By: Gunther Daramy
The proliferation of “Kush” in Sierra Leone today is no longer simply a moral debate — it is a non-traditional security (NTS) threat.
Non-traditional security threats are defined as challenges to the stability, survival, and well-being of states and societies which arise primarily from non-military sources such as health crises, environmental degradation, transnational crime, irregular migration, and illegal drugs (Asian Security Review, 2000; UNDP Human Security Framework, 1994).
Kush clearly fits into this category. It:
- weakens human capital
- undermines public safety
- increases state expenditure (health + policing)
- fuels organized crime networks
- erodes national productivity and development gains
Yet public discourse still treats Kush largely as a youth moral problem — not a national security emergency. That framing is insufficient and dangerous.
The Problematic
- How do we shift Kush from “morality” to “security”?
- How do we securitize the Kush crisis formally?

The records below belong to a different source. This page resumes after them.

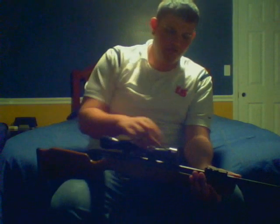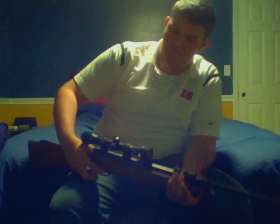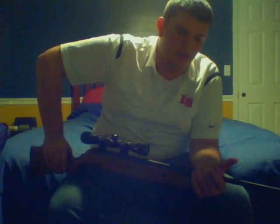How you doing guys? Nick Reed back here with the Crossman Vantage Air Rifle — break barrel, shoots about 1500 FPS. Very good for small game like raccoons, squirrels, bunnies — you name it, small game.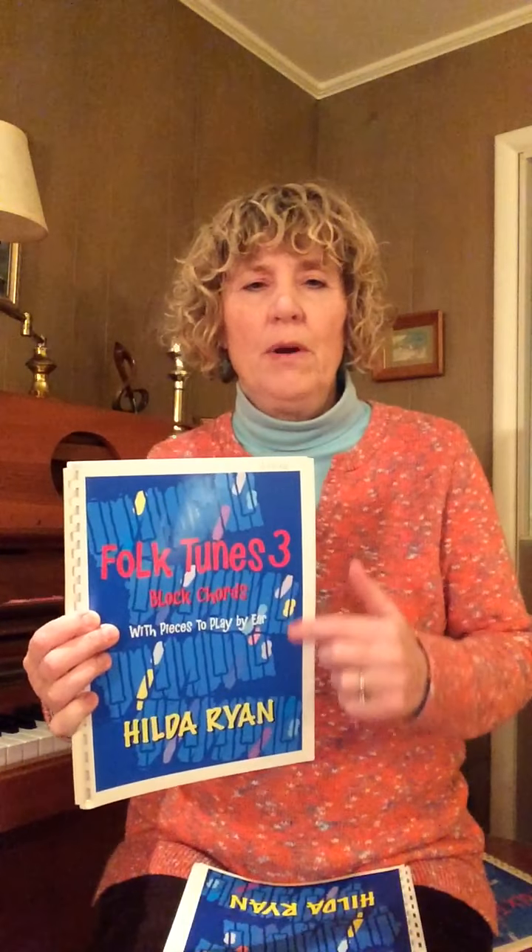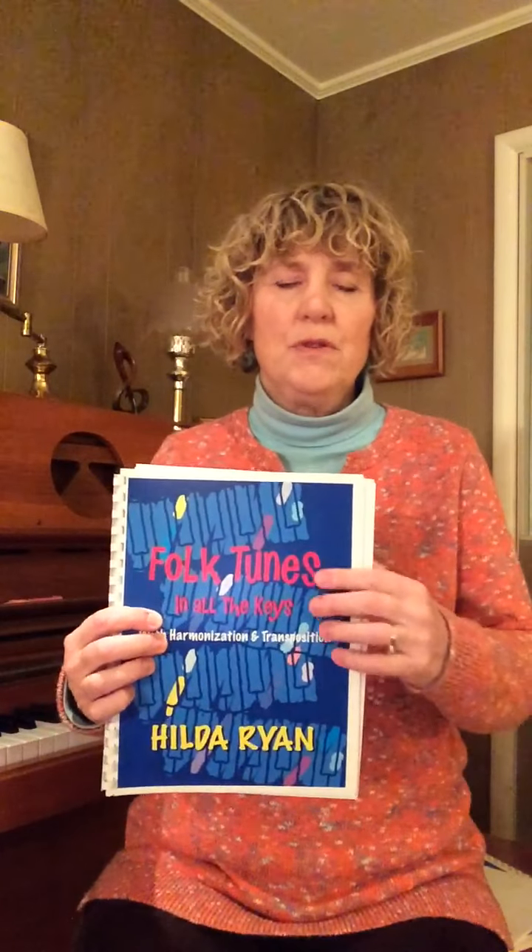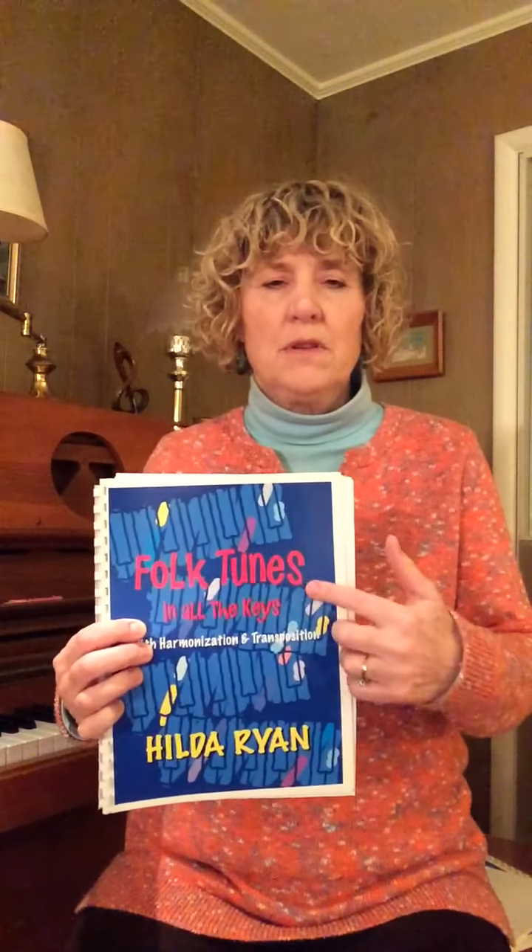When they get to Folk Tunes 3, they'll be going through all of the tetrachord scales. And then if I have a student who doesn't need those — perhaps a transfer student who's going to be going through all the keys in the Folk Tunes Through the Keys book — then of course they're going to be doing the scale duet in all the keys.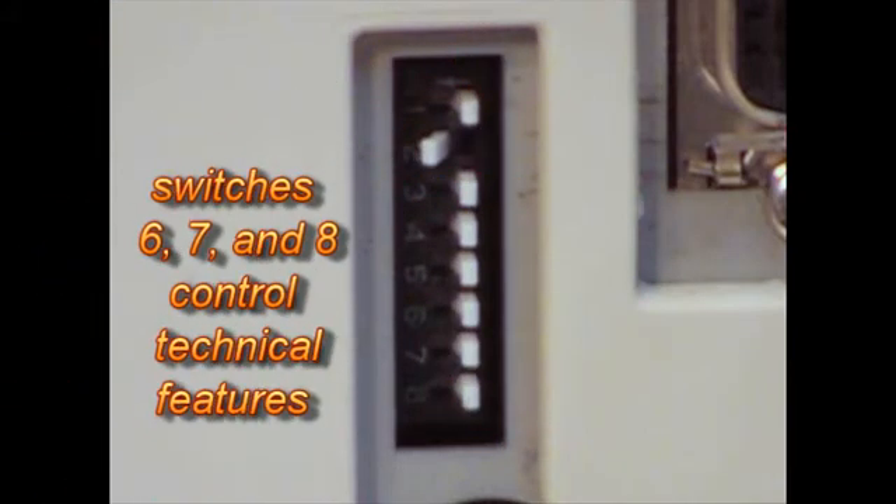Because switches four and five are rarely used, we will skip those. The last three switches control the printer's mode of operation. In order to print anything, all three of these switches must be turned off. However, occasionally a technician or user may need to activate one or more of them in order to perform specialized procedures. We will talk about that later on in this video.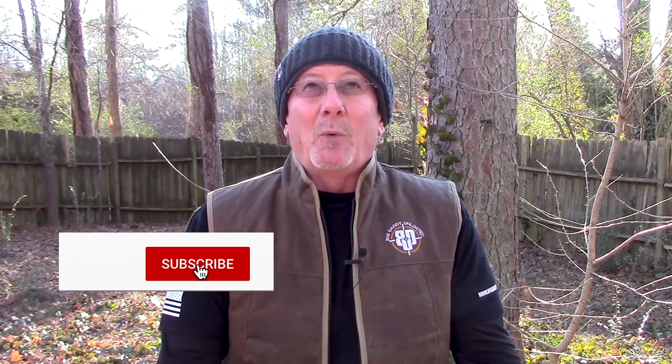Welcome back to Survival on Purpose, your home for trustworthy information and gear reviews related to camping, survival, and general preparedness for regular folks. My name is Brian. Thanks for joining me on a slightly nippy and windy day here in Georgia. The folks at Gerber Gear were kind enough to send me one of their Center Drive multi-tools so I can show it to you.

- How do we balance enforcement (policing) with social solutions (employment, treatment, rehab)?
Securitizing the Fight Against Kush
Securitization theory (Copenhagen School — Buzan, Wæver & de Wilde) argues that an issue becomes a “security” issue when a legitimate actor publicly defines it as an existential threat — and society accepts that framing.
Therefore, formal securitization should include:
- Presidential speech acts (State of the Nation — naming Kush as security threat)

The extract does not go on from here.